Рухнул привычный уклад жизни. Им обещали молниеносное поражение врага, а все получилось с точностью наоборот! Они не могли поверить, что немцы, эта цивилизованная нация, давшая миру высокую культуру, в ХХ веке сделает тысячелетний прыжок назад и превратится в примитивных варваров. Они были деморализованы злобным окружением, выдававшим их оккупационным властям.
 Были герои в гетто, но кто сможет донести их имена, если свидетели уничтожены?! Были герои и среди мирного населения. Они не испугались угроз и ради спасения евреев и цыган, поставили на карту свою жизнь и жизни своих близких.
 Говорят, добрыми намерениями устлана дорога в ад. Но эти герои не только мечтали, они совершили великий подвиг спасения людей! В небесной канцелярии это им зачтено. В свой час святые откроют перед ними ворота рая! А благодарная память евреев не забудет их имена.
 ГЛАВА ШЕСТАЯ.

 Увозя на неправедную казнь, несчастных обманывали, придумывая разные небылицы. Оставалась призрачная надежда, за которую они цеплялись. А вдруг и вправду гонят на работу? В другой лагерь? В баню?
 Надежда не сбывалась. Но она, как известно, умирает последней.
 До прихода в лесок, мама тоже надеялась, что нас переселяют в другой лагерь. Приказали брать с собой вещи. И она натолкала полный чемодан моей одежды. Как тяжело было держать на руках меня и тащить неподъемный чемодан! Только, подходя к лесу и услышав выстрелы, она все поняла и бросила поклажу.
 Что она еще могла предпринять?! Только уберечь меня от страха. Вот и все ее возможности!
 Но я тоже все понял, и сердце билось, как пойманная птичка в ладони.
 * * *

 Мамочка! Мама! Я снова над ямой, в которой твои останки. Они не видят, не слышат, не чувствуют. Только малыши превращаются в ангелов, а души взрослых переселяются в новорожденных.

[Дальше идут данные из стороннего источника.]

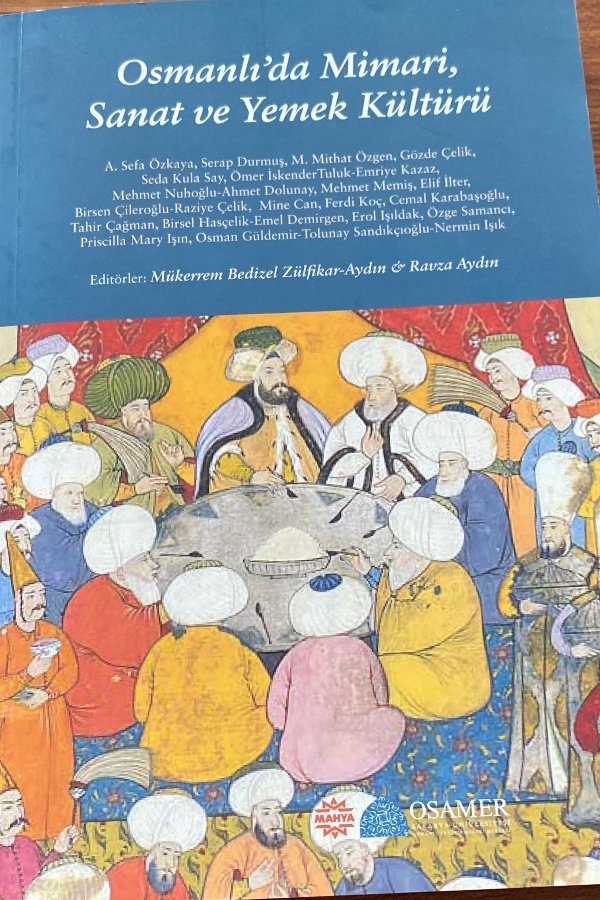 Osmanlı da mimari sanat ve yemek kültürü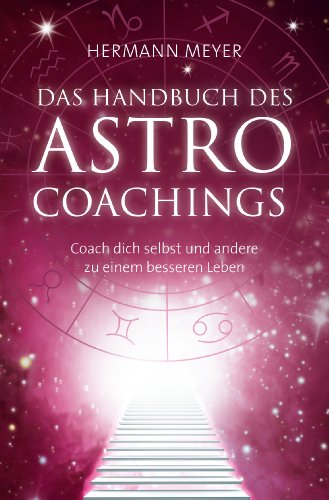 - Das Handbuch des Astrocoachings: Coach Dich selbst und andere zu einem besseren Leben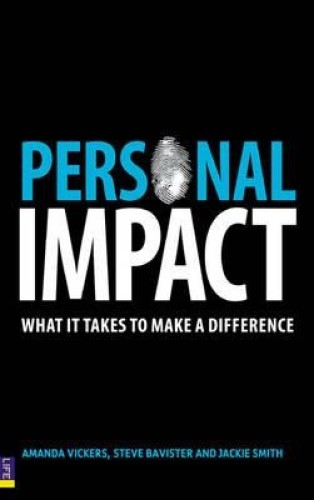 Personal Impact What It Takes to Make a Difference by Amanda Vickers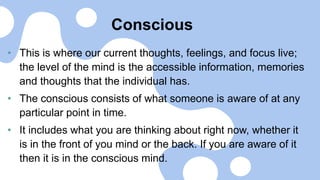 Conscious
• This is where our current thoughts, feelings, and focus live;
the level of the mind is the accessible information, memories
and thoughts that the individual has.
• The conscious consists of what someone is aware of at any
particular point in time.
• It includes what you are thinking about right now, whether it
is in the front of you mind or the back. If you are aware of it
then it is in the conscious mind.
 
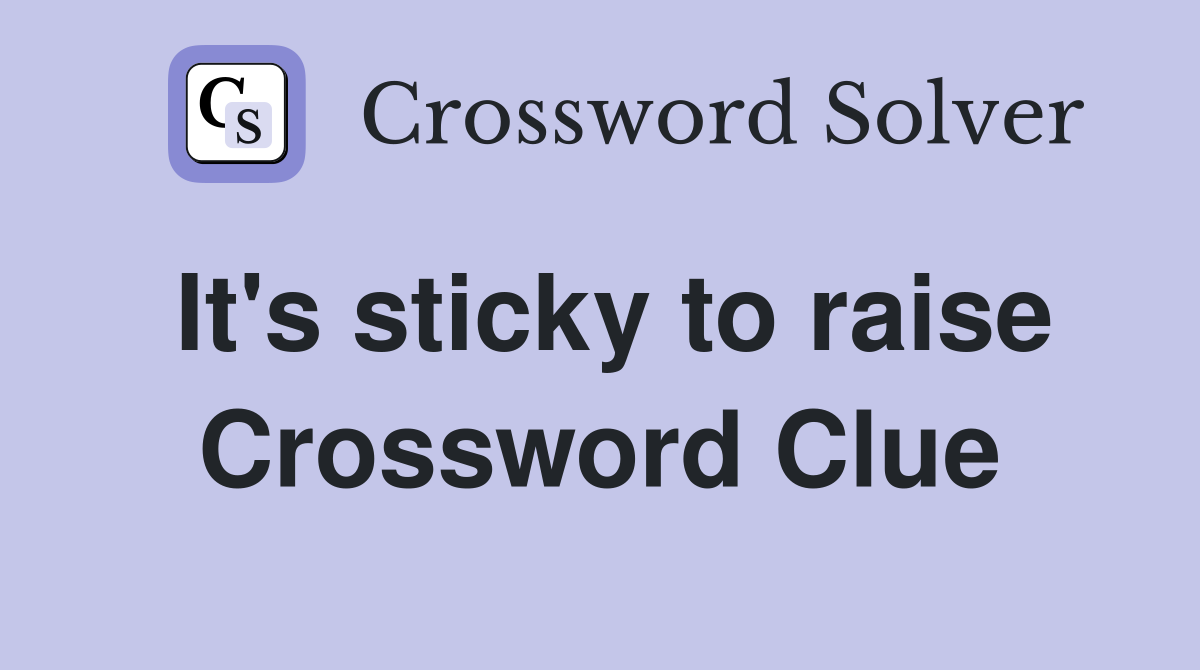 It's sticky to raise Crossword Clue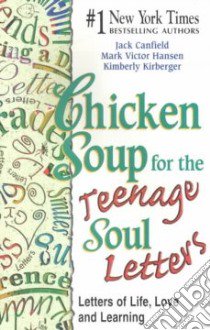 Chicken Soup for the Teenage Soul Letters libro in lingua di Canfield Jack (COM), Hansen Mark Victor (COM), Kirberger Kimberly (COM)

 В кого переселилась твоя душа? Если бы знал, сообщил бы радостную весть: фашистские орды побеждены! На Земле снова царит мир.
 Но человек, в которого переселилась твоя душа, не вспомнит о нашей жизни, не вспомнит меня, твоего сыночка, хохема* Изеньку.

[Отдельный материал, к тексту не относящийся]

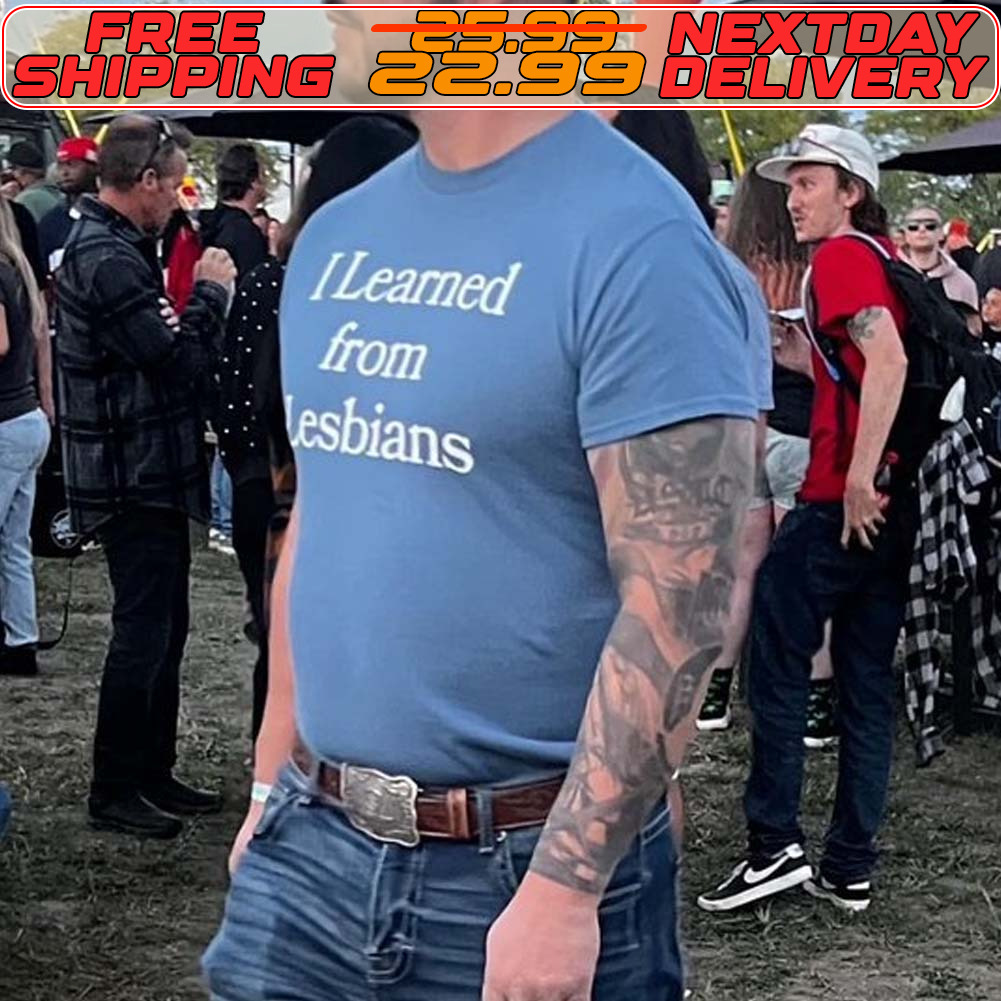 I Learned From Esbians Shirt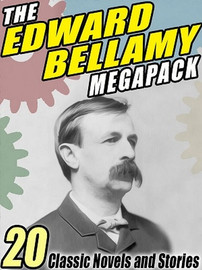 The Edward Bellamy MEGAPACK™: 20 Classic Novels and Stories (ePub/Kindle)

 Если бы ты, мамочка, могла видеть, как люди встречают Победу. Они обнимаются и плачут, плачут и смеются. Как ненормальные!
 Я смотрю на них и тоже радуюсь, хотя знаю, мир недолговечен. Впереди еще много войн, бессмысленных убийств и крови.
 Но люди этого не знают и ликуют, надеясь, что самое плохое позади. Как они ошибаются!
 После войны техника будет прогрессировать. Во всех домах появится оборудование для охлаждения и замораживания продуктов, электрические мясорубки, скороварки, телевизоры и прочее агрегаты, облегчающие жизнь. Но чем больше будет предметов, облегчающих жизнь, тем больше изобретений, способствующих ее уничтожению.
 Правительства будут соревноваться за более совершенное вооружение… Никто не вспомнит судьбу Атланты!
 На этот раз Земле грозит потеря не одного континента, а гибель всей планеты!
 Если не остановиться - погибнет все живое, погибнут и заказчики смертоносного оружия, и изобретатели. Никому не спастись! Не помогут самые укрепленные бункеры. Не выдержав издевательства над собой, взорвется сама планета Земля!
 Так и хочется повторить за Фучеком: «Люди! Будьте бдительны!»

 Примечание:
 «Хохем» - умница
 «Мешугене коп»- сумасшедший ( не в прямом значении).